* Leviton *
“We need to hurry,” Wendy said as she walked purposefully down the crowded streets of Leviton. The hem of her sleeveless yellow dress fluttered as she quickened her pace. There was a panicked tone in her voice that Henry, even in his half-drowsy state, could easily recognize.
“What’s the rush?” he asked with a yawn. He’d only woken up less than an hour ago and was still acclimating himself to a new day and his new surroundings. The previous day had been so exhausting that he slept much later than usual.
“Professor Landerpool set aside his whole day for you, and we’re late.”
Henry felt a lurch in his stomach that had nothing to do with the muffin he wolfed down for breakfast only minutes prior to leaving the manor. “The whole day? Late? Are we in trouble?”

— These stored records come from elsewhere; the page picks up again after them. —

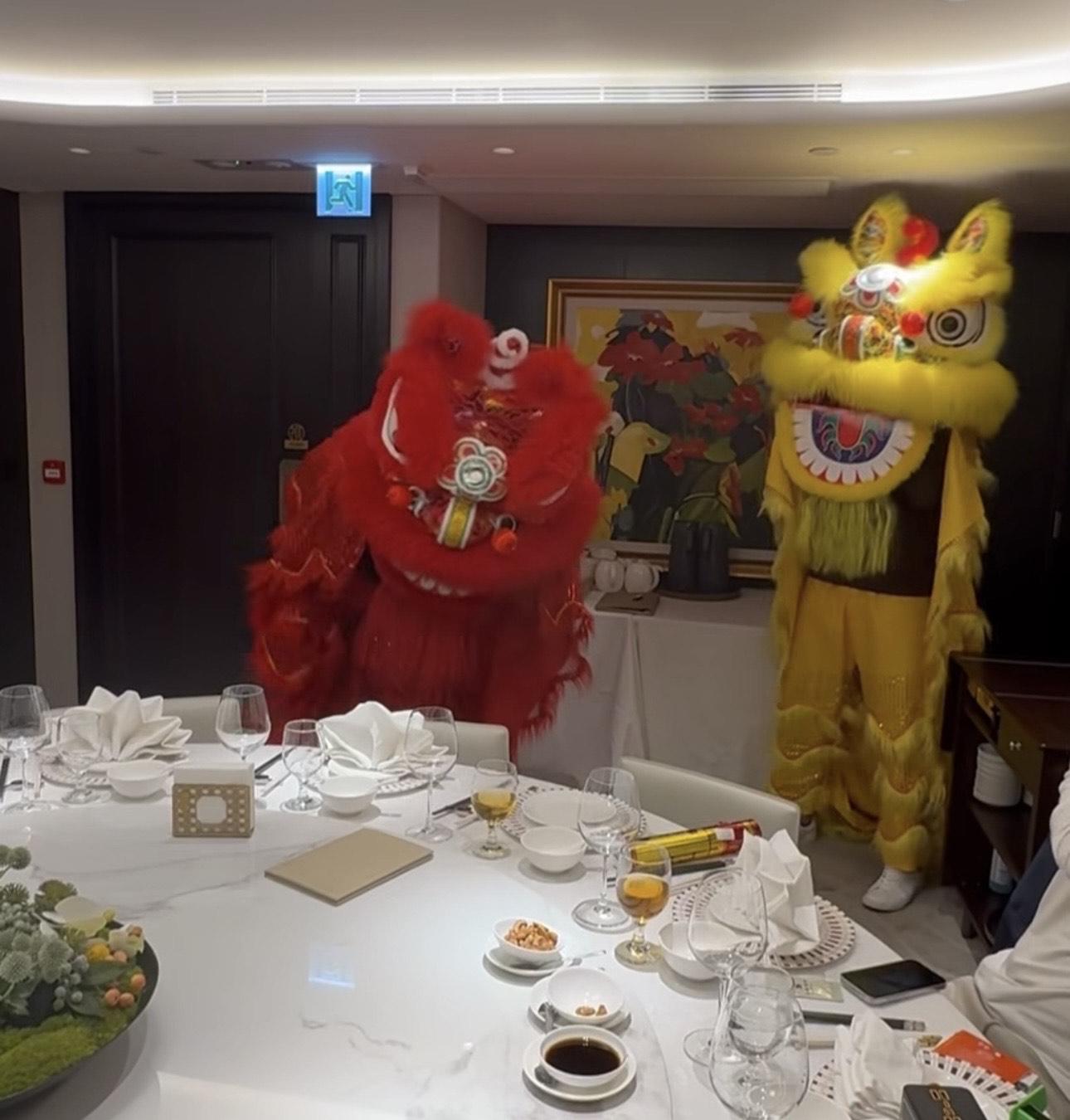 盛勁為親自舞獅冧妻 。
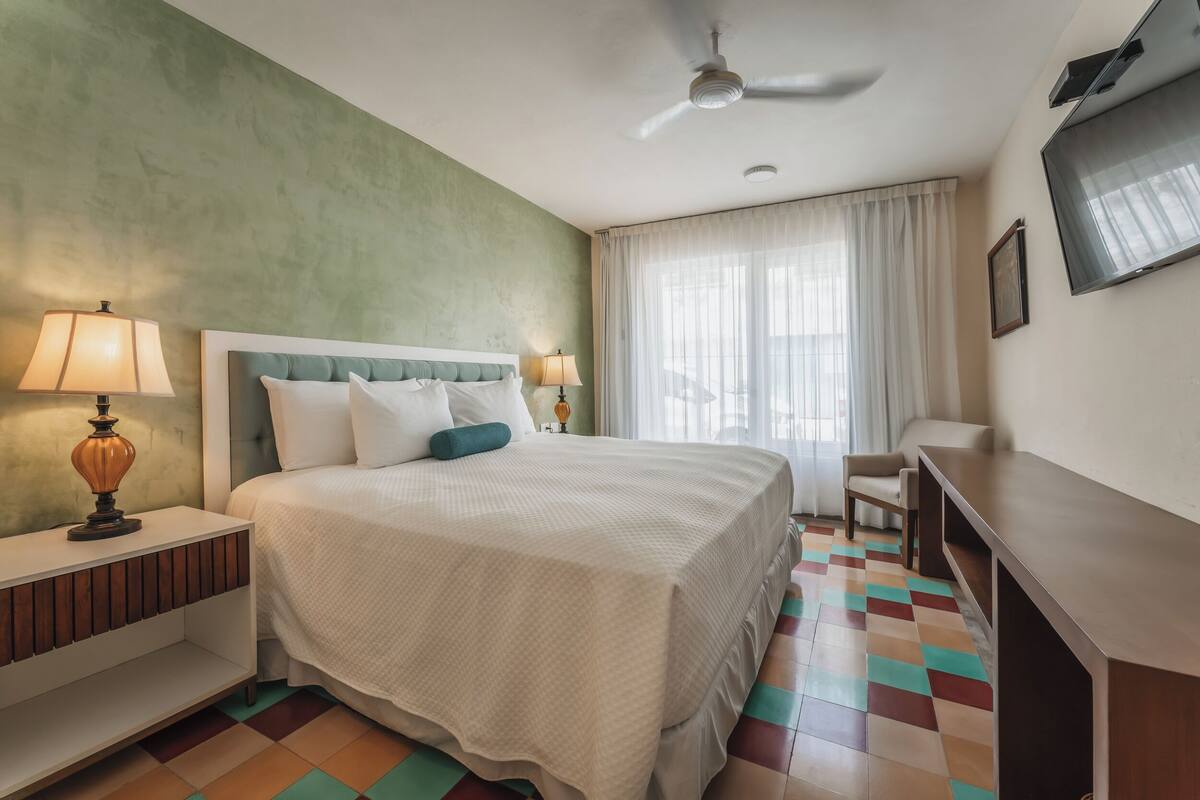Standard Room | In-room safe, desk, WiFi (free), bed sheets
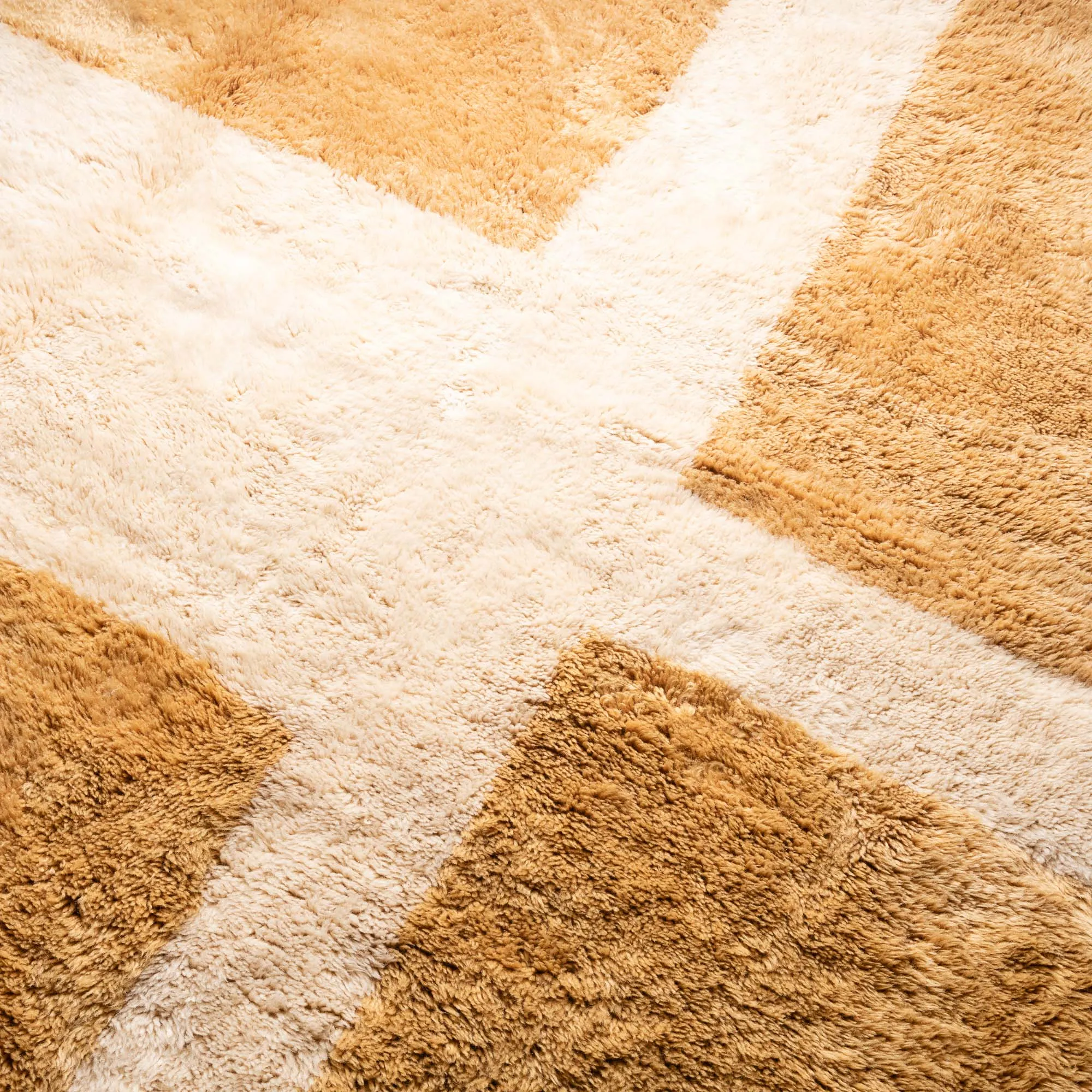 Sunlit Mosaic Round - Luxury Shag Moroccan Rug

“Well, when I couldn’t get you up earlier, I ended up contacting the school ahead of time to tell Professor Landerpool we’d be late, but still…”
Her voice trailed off, but Henry understood. Someone as famous and well respected as Professor Landerpool obviously had a lot of demands on his time. He knew that Lawrence must have called in a favor to arrange this private training. Henry felt a bit of the panic that had swept over him when he first arrived on Mendala. Everyone was counting on him to master quickening in just two days, but what if he couldn’t? What if he just wasn’t good enough?
“Henry?” Wendy came to a halt. “Did you hear me?”
He almost collided into her. “Huh? What?”
Wendy gave him a puzzled look but then started off again, this time a bit slower so Henry could walk next to her. “I said: Mr. Stokenshire won’t be back until dinner, so you’ll still have a good eight hours with Professor Landerpool.” she assured.
“Oh, right.” Henry tugged nervously at the silk-like shirt he was wearing.
Wendy noticed his fidgeting. “Are the clothes Mr. Stokenshire left for you okay?”
“Huh?” Henry said again before realizing what she’d asked. He looked down at the shirt as if examining it for problems. It was a thin, blue, short-sleeved tunic with intricate, circular, multicolored patterns throughout. “Yeah, everything’s fine. I didn’t really need new shoes, but these are really comfortable.” He sighed, still deep in thought.
Wendy frowned. “Are you okay?”
“Uh huh.” Henry nodded half-heartedly. His brain was still buzzing with nervous energy, so he finally decided to broach the topic that had been weighing on him. “So, this Professor Landerpool, everyone says he’s the best,” he started casually.
“He is the best. I really hope I get to learn from him when I start school,” Wendy added excitedly.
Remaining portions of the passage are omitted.